Colloquium talk: Maarten de Hoop (Rice University)

Event information

Event date
-
Event type
Public lectures, seminars and round tables
Event language
English
Event accessibility
Event space is accessible for all
Event payment
Free of charge
Event location category
Mattilanniemi

Title: Geometry, spectral analysis and inverse problems on gas giants
 

Abstract: On gas giant planets the speed of sound is isotropic and goes to zero at the surface. Geometrically, this corresponds to a Riemannian manifold whose metric tensor has a conformal blow-up near the boundary. The blow-up is tamer than in asymptotically hyperbolic geometry: the boundary is at a finite distance. We study the basic geometry of gas giant Riemannian metrics, including properties of geodesics near the boundary, the Hausdorff dimension of the boundary, and discreteness of the spectrum of the Laplace–Beltrami operator.

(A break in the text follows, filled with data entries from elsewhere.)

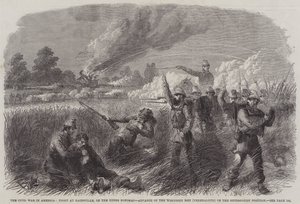 De Burgeroorlog in Amerika, Gevecht bij Hainsville, aan de Boven-Potomac, Vooruitgang van de Wisconsin Mannen (Federalisten) op de Secessionistische Positie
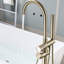 Robinet de baignoire à fixation au sol en or brossé - Robinet de baignoire autoportant avec douche à main et excellente structure à contrôle précis-121320291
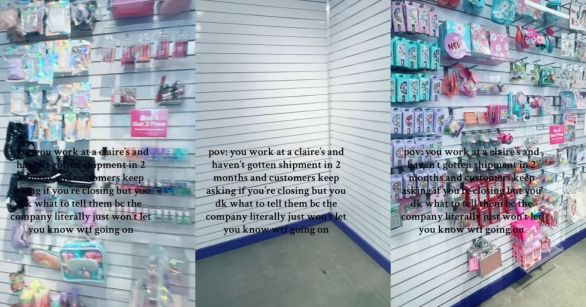 A mostly empty Claire's store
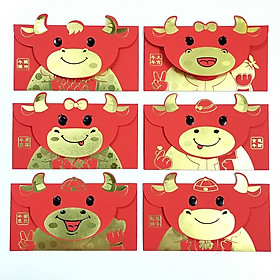 ( Mẫu 1) Set 6 bao lì xì con trâu 3D cute nhũ vàng 2021, dùng để đựng thiệp chúc, tiền lì xì, mừng tuổi dễ thương và ý nghĩa - TMT Collection.com - SP005089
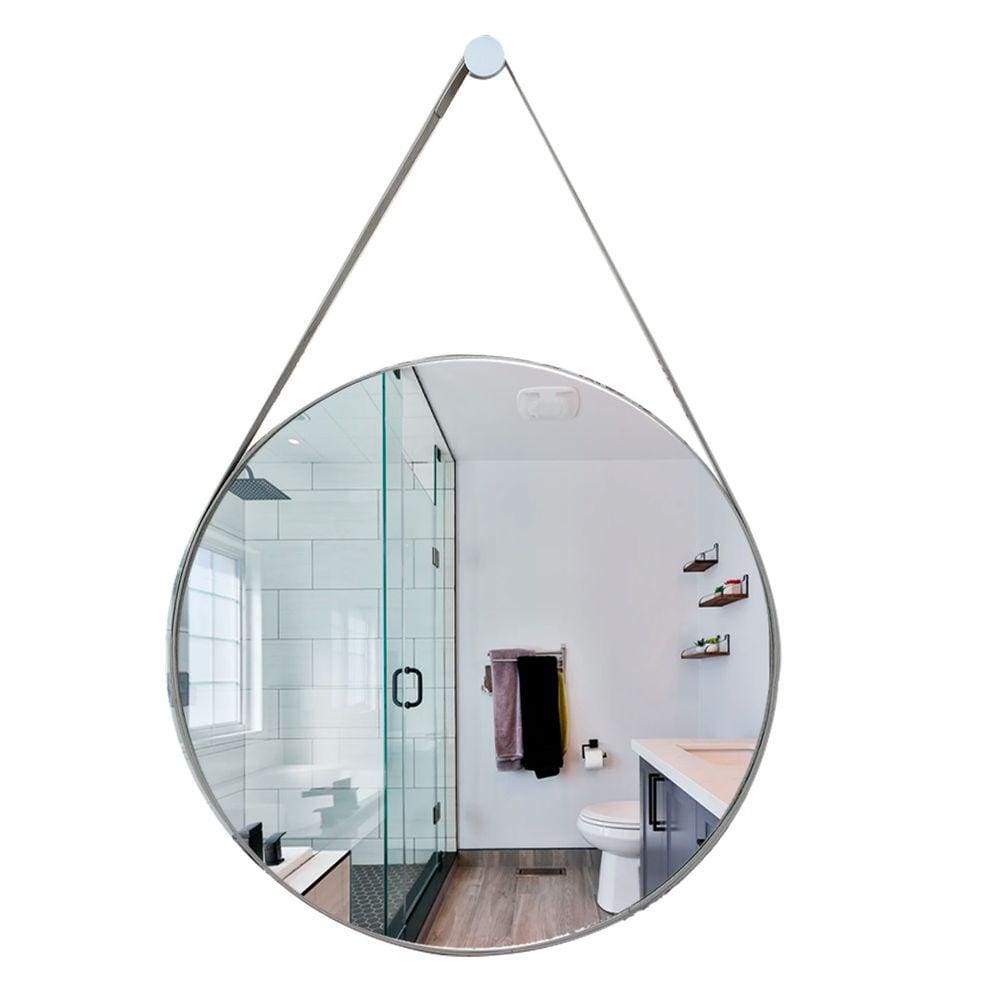 Espelho Grande Redondo Adnet Decoração Casa 50cm Branco Gelo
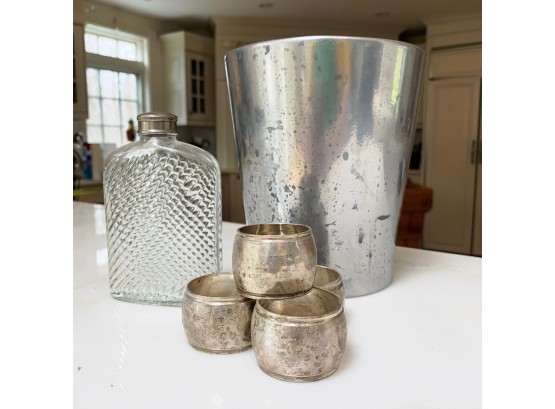 Vintage Glass Flask, Napkin Rings & Metallic Ceramic Vase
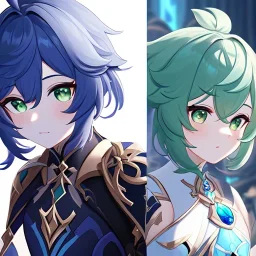 potrait of genshin in genshin ((genshin)) ((genshin ingame outfit)) wearing a short skirt, black short hair, green eyes, extreme close up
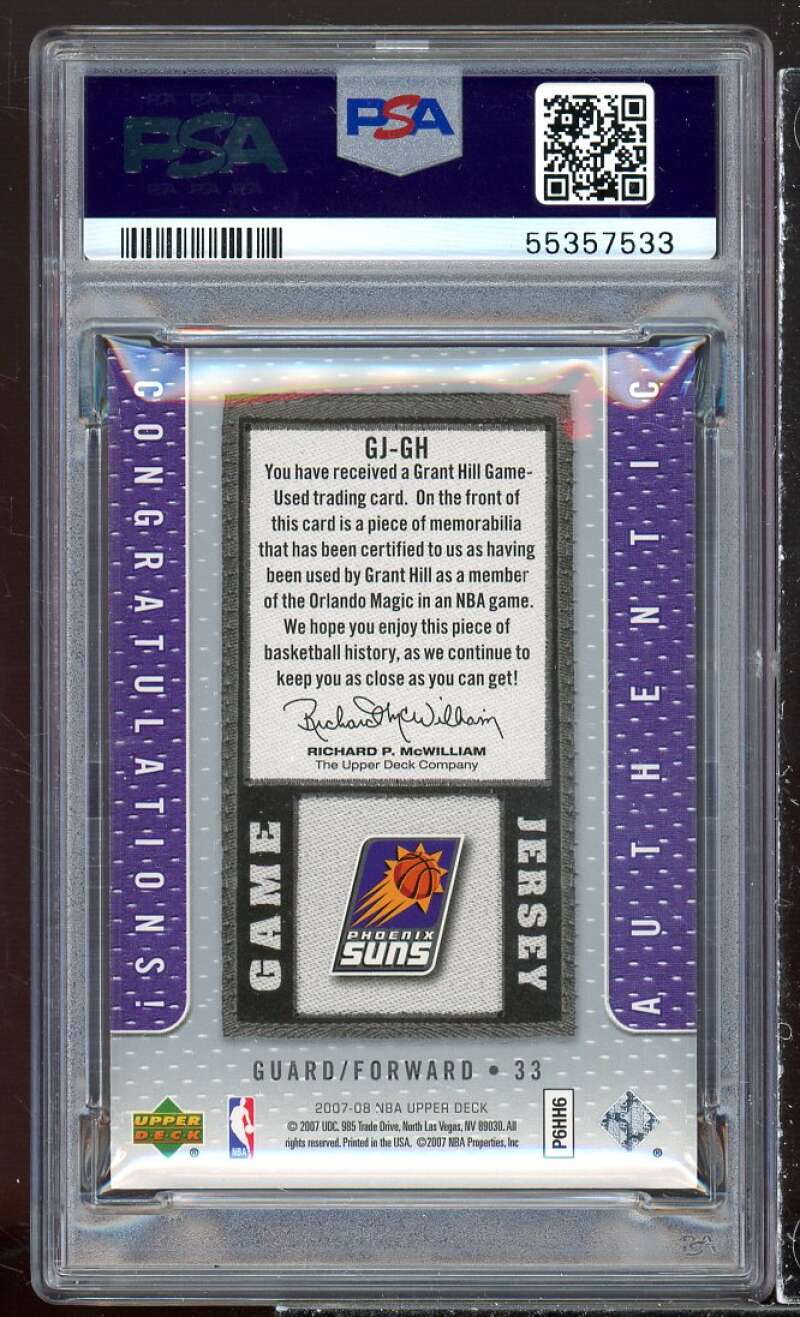 Grant Hill Card 2007-08 Upper Deck UD Game Jersey #GJ-GH (POP 2) PSA 10 Image 2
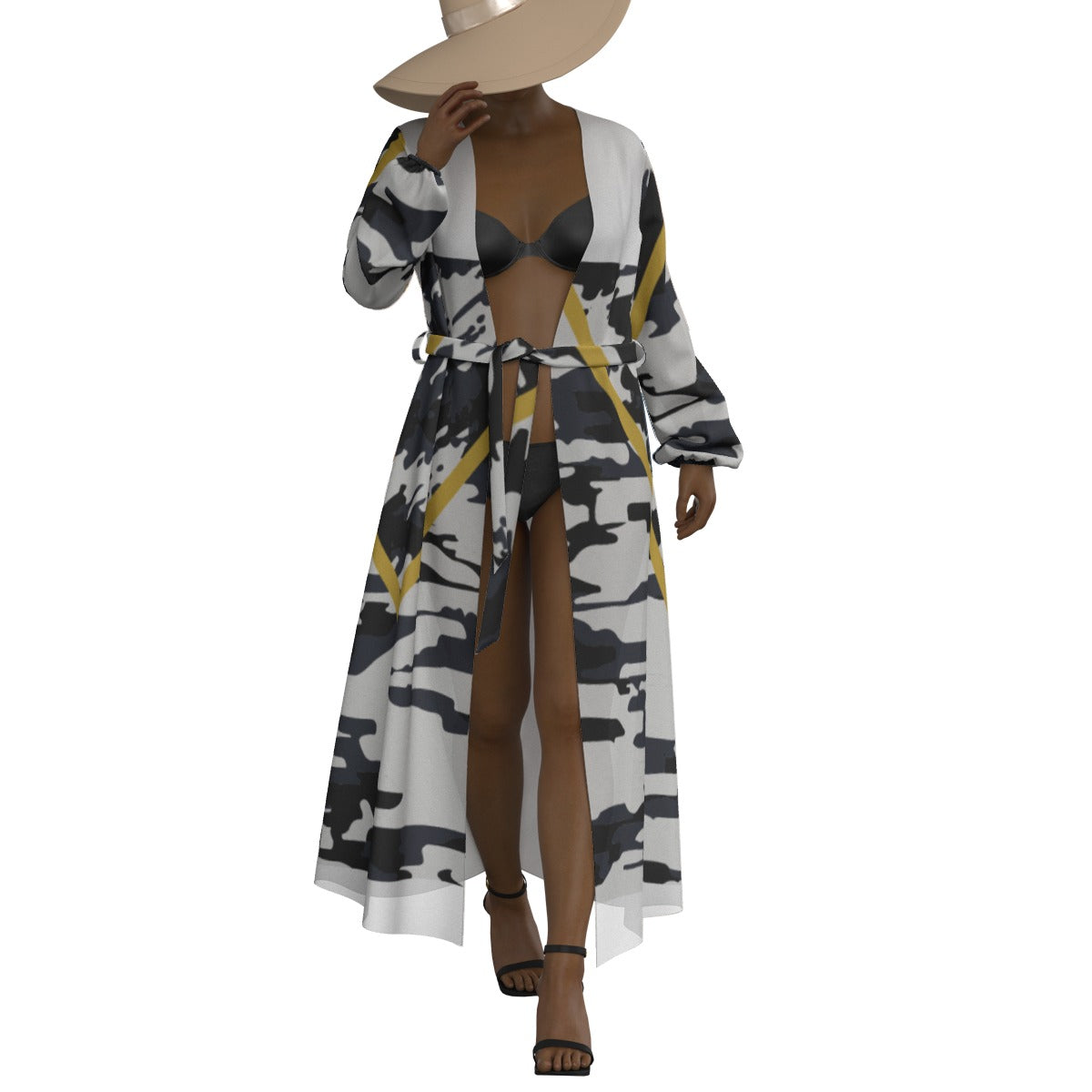 All-Over Print Women's Lace-up Chiffon Robe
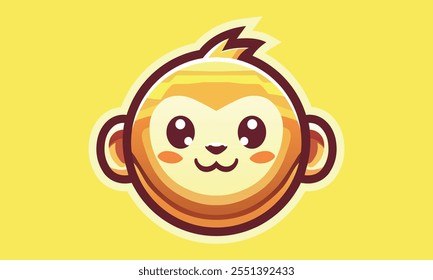 Monkey icon with yellow background. adorable baby monkey icon for commercial use. cute chimpanzee design. gorilla baby funny illustration with happy face. monkey baby icon illustration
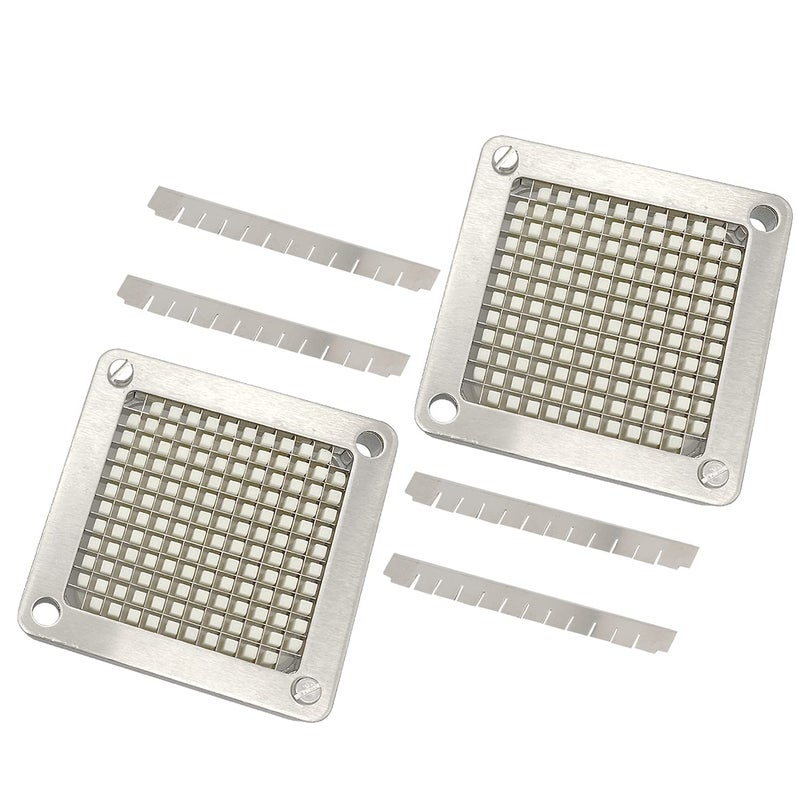 TUNTROL 2pcs 14 Replacement Blade Set for Commercial Vegetable Chopper Stainless Steel Interchangeable Blade  Pusher Block Set for Fruit Dicer Cutter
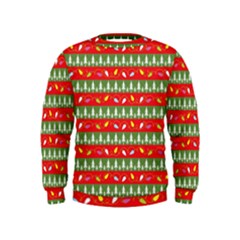 Christmas Papers Red And Green Kids  Sweatshirt by Wegoenart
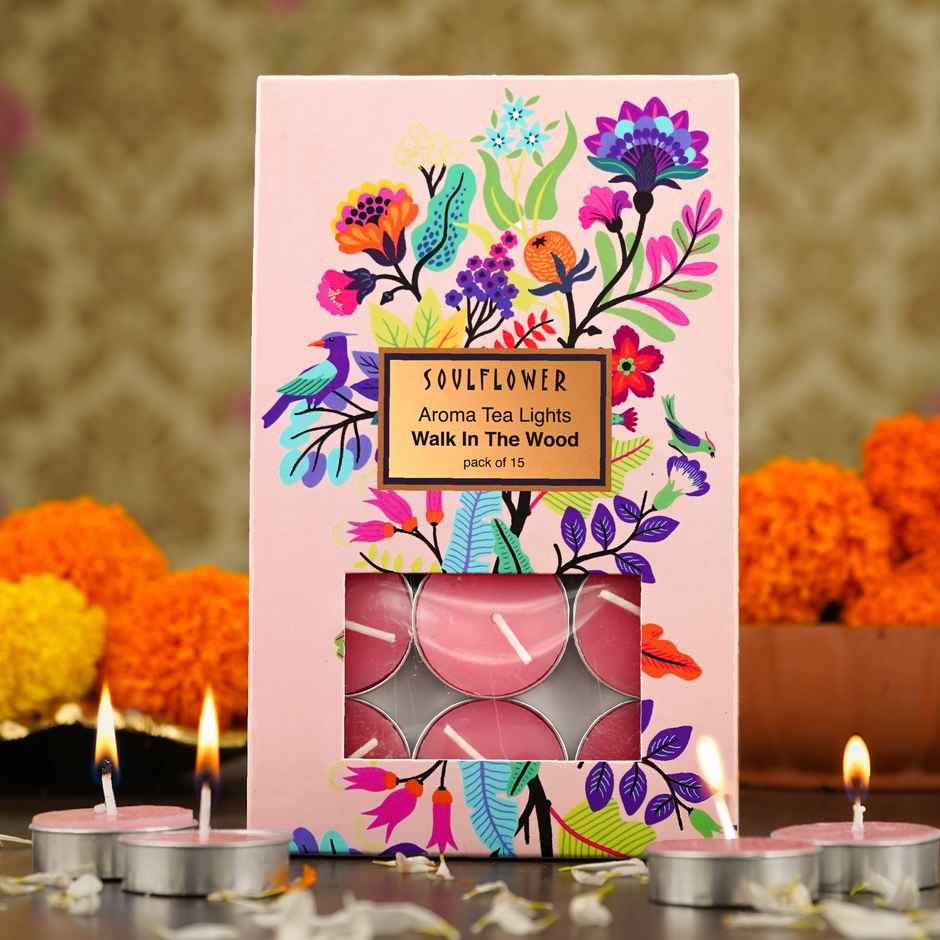 Soulflower Tea Light Candle, Walk In The Wood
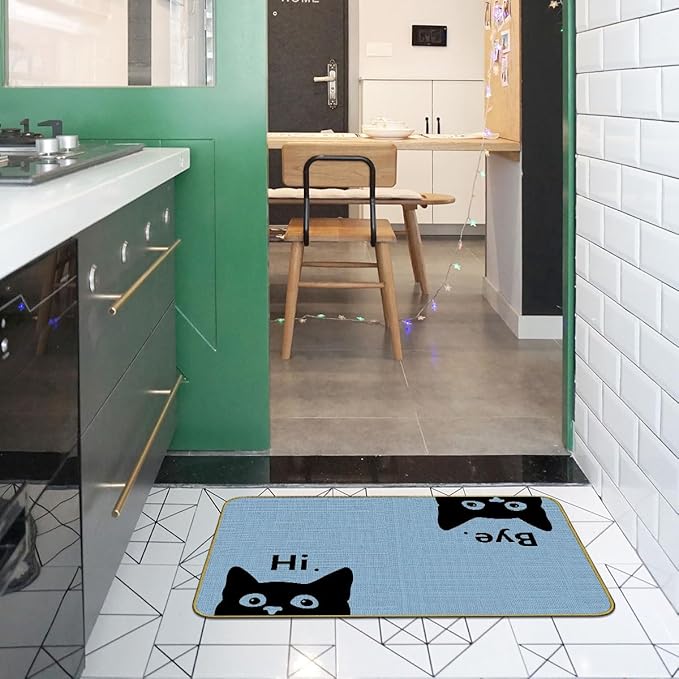 Mingnei Hi Bye Cat Welcome Doormat Door Mat for Home Kitchen Entrance,Cat Door Mat,Funny Black Lover Floor Mats for House Front Indoor Inside Outdoor Outside Entryway Rug 30x17 Welcome Mat (Color-4)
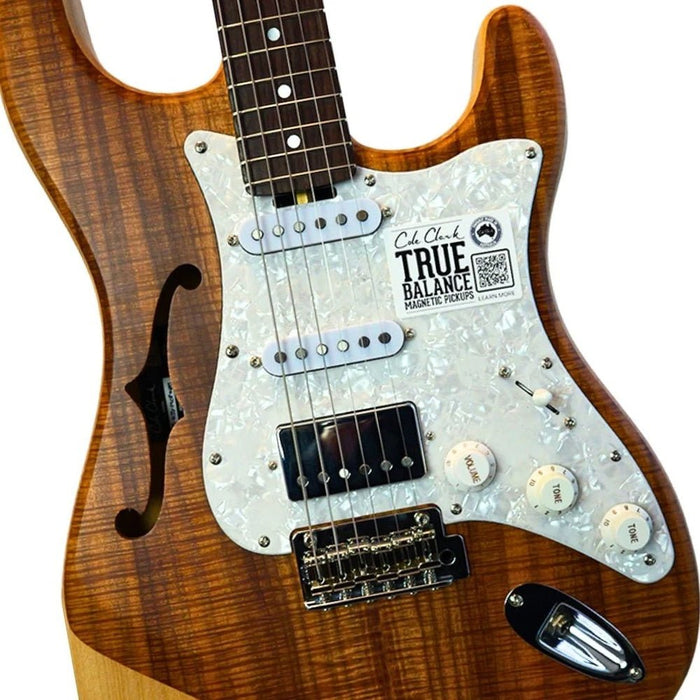 Cole Clark Electric Hollow Baby HSS Electric Guitar - Natural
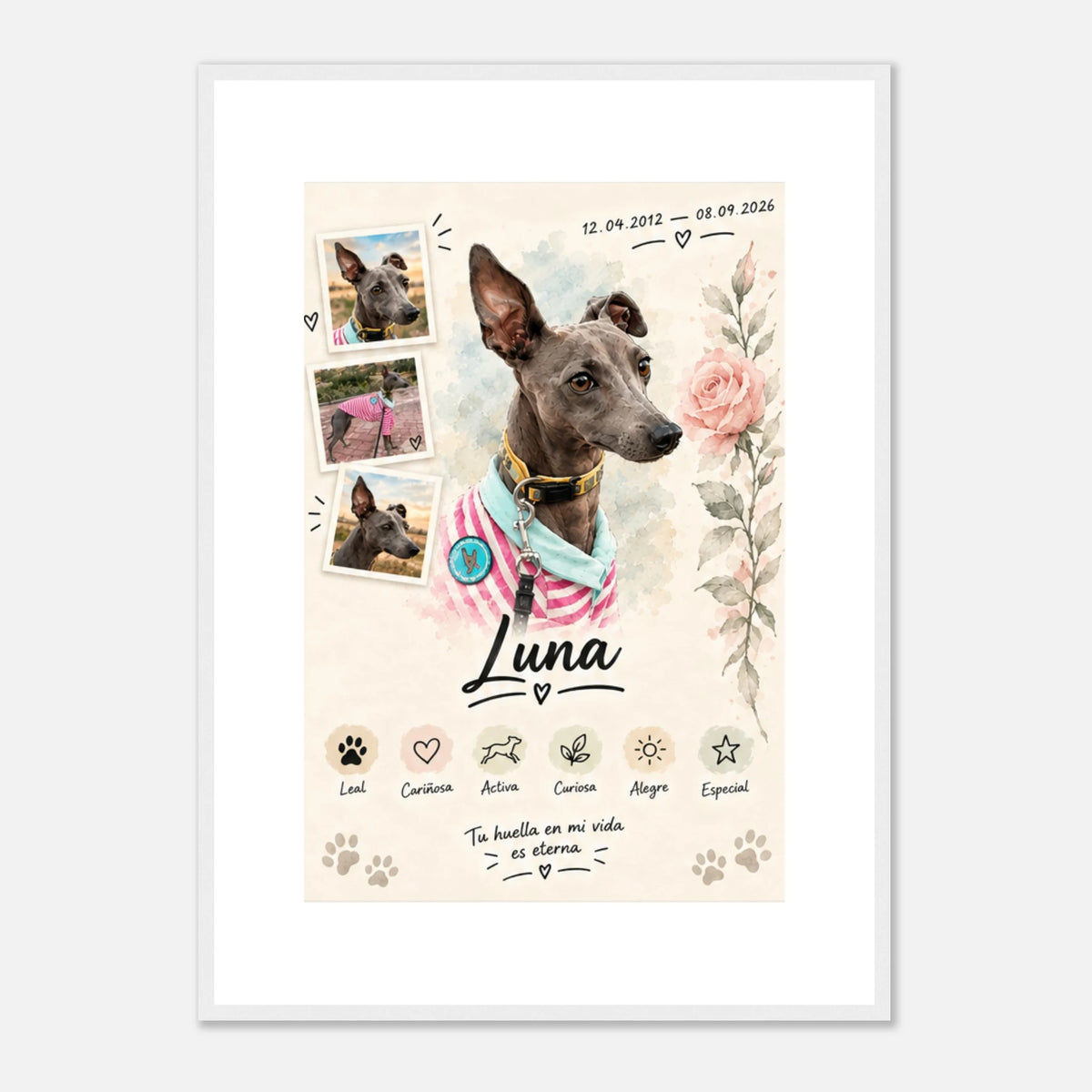 Retrato personalizado de mascota estilo Rosa – vista 17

We present the spectral analysis of this operator and derive the Weyl law. The involved exponents depend on the Hausdorff dimension which, in the supercritical case (which is the relevant case for Jupiter and Saturn), is larger than the topological dimension. We solve two inverse problems for simple gas giant planets, proving that the metric is uniquely determined by its boundary distance data and that the geodesic ray transform is injective. The study of Weyl asymptotics, which reflects some properties of the singular metric and determines the blow-up in the supercitical case, is a preliminary step towards analyzing other inverse problems.

Joint research with Y. Colin de Verdìère, C. Dietze, J. Ilmavirta, A. Kykkänen, R. Mazzeo and E. Trélat.